Generating synthetic test data can be confusing and hard, but if you need we are happy to help you with it. We have built pipelines to generate test data for various use cases. If you need help with it, please talk to us by booking a [slot](https://bit.ly/3EBYq4J) or drop us a line: [founders@vibrantlabs.com](mailto:founders@vibrantlabs.com).

## A Deeper Look

Now that we have a seen how to generate a testset, let's take a closer look at the main components of the testset generation pipeline and how you can quickly customize it.

At the core there are 2 main operations that are performed to generate a testset.

1. **KnowledgeGraph Creation**: We first create a KnowledgeGraph using the documents you provide and use various Transformations to enrich the knowledge graph with additional information that we can use to generate the testset.
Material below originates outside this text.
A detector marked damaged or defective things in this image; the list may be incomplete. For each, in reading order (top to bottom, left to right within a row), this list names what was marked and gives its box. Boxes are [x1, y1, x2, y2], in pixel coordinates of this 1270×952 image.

You can learn more about this from the [core concepts section](https://docs.ragas.io/en/stable/concepts/test_data_generation/rag/#knowledge-graph-creation).
1. **Testset Generation**: We use the KnowledgeGraph to generate a set of scenarios. These scenarios are used to generate the testset. You can learn more about this from the [core concepts section](https://docs.ragas.io/en/stable/concepts/test_data_generation/rag/#scenario-generation).

Now let's see an example of how these components work together to generate a testset.

### KnowledgeGraph Creation

Let's first create a KnowledgeGraph using the documents we loaded earlier.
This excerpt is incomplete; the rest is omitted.